For more than twenty years, scientists have been finding evidence that consuming nuts results in measurable health benefits. Frequent consumption of tree nuts has been linked to a reduced of major chronic diseases such as heart disorders and Type 2 Diabetes. But the most recent studies have even better news.

The Nurses’ Health Study and the Health Professional’s Follow-Up Study together followed over 118,000 men and women for years, recording what participants ate, and analyzing their diets in relation to the causes of death of the approximately 27,000 people who died over that time. They found that the more often nuts were consumed, the less likely the participants were to die of diseases such as cancer, heart disease, and respiratory disease.
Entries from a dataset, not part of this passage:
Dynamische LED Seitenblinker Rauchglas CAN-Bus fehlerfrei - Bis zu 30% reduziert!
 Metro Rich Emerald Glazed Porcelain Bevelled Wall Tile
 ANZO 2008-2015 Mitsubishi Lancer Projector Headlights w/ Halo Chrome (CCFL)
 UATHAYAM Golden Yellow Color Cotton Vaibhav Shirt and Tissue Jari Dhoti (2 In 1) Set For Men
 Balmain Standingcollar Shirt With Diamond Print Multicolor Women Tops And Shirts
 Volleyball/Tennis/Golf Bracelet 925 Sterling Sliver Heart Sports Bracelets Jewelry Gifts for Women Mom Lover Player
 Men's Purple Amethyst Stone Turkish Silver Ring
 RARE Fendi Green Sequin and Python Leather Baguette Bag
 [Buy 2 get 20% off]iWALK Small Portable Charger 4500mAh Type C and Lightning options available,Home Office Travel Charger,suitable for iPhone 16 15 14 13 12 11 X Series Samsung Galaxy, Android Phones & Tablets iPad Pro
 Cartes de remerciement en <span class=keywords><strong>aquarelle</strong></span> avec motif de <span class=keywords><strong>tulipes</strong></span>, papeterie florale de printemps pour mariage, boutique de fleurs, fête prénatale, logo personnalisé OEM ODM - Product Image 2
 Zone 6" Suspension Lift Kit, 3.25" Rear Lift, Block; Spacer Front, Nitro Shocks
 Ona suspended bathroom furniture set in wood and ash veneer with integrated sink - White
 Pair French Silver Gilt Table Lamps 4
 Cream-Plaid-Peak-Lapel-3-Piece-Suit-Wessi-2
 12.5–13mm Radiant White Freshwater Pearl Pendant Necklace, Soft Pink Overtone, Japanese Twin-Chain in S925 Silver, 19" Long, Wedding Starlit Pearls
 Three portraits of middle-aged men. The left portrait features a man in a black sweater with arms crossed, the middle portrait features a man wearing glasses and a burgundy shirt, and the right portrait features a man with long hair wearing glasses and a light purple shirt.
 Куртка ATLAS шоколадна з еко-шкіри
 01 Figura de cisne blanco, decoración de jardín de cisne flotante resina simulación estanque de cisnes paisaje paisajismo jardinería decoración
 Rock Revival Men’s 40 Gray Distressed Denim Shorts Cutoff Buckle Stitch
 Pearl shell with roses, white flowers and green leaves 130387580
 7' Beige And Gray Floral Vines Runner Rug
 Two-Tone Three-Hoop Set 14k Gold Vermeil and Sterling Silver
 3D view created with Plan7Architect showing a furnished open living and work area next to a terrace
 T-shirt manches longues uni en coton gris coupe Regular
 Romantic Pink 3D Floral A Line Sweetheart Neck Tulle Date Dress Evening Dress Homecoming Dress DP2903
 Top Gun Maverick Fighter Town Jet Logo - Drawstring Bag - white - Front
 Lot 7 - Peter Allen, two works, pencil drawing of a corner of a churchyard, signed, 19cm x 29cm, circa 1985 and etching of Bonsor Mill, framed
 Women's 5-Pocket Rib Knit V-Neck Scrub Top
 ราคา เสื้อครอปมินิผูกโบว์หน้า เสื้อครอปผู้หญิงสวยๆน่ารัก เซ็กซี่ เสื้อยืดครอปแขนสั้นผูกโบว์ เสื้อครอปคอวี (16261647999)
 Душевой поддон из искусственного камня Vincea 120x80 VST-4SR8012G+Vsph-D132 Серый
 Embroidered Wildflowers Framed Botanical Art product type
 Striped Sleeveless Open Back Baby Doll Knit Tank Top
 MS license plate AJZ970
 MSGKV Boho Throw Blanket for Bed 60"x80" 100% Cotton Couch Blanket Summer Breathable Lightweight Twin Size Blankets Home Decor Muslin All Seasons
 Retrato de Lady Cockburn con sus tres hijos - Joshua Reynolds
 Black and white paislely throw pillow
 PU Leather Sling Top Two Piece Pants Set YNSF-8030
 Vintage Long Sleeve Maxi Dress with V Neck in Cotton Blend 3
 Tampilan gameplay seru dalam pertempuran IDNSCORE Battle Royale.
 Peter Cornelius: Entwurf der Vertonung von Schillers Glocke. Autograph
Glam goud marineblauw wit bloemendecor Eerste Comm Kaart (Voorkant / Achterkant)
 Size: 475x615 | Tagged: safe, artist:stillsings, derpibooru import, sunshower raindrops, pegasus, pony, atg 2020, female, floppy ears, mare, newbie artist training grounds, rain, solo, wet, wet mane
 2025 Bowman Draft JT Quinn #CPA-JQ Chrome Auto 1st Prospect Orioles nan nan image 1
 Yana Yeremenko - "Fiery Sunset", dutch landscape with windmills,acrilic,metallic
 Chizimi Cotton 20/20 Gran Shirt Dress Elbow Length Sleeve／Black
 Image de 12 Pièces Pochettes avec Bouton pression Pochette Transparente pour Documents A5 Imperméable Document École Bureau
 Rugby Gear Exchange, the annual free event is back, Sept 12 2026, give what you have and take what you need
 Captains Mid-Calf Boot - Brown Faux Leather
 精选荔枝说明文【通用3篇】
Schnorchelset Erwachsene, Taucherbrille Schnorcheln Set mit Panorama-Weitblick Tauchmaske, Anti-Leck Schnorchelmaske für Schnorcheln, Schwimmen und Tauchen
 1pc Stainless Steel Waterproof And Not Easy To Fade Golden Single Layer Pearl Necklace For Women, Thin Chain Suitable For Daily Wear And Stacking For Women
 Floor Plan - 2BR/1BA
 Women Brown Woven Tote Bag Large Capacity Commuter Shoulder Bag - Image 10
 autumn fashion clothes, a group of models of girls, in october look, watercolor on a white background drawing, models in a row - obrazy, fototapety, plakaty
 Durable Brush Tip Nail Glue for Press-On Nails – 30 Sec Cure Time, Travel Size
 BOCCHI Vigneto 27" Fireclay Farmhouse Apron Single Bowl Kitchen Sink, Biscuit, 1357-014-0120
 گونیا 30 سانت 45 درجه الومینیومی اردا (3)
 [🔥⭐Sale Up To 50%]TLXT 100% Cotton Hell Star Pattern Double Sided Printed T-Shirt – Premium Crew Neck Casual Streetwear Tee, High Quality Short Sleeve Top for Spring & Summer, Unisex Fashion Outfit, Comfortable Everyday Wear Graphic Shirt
And not because the nut eaters fell prey to another illness! Their death rate (from any cause) was overall lower than those who did not eat nuts.

But, you ask, aren’t nuts really fattening? Yes, they can contain up to 200 calories per ounce, and 80% of that is from fat. But nuts are one of the food products that contain “good fats” – like avocado and fatty fish. Additionally, because they are fatty and high in protein, they quell hunger much better than snacks high in sugar and carbs. Those who snack on nuts are likely to snack less, and eat less overall. Plus, botanically speaking, nuts are fruit – they’re just the seed part, which is capable of producing a new plant when raw. Therefore, much like yolks, nuts contain extra nutrients to help support healthy tissue.

Including a serving or two of nuts in your daily diet is not hard – for breakfast, add nuts to your oatmeal. For lunch, chop up some almonds to go on top of your salad. Nuts can also be added to stir-fries and desserts – so don’t be afraid to experiment!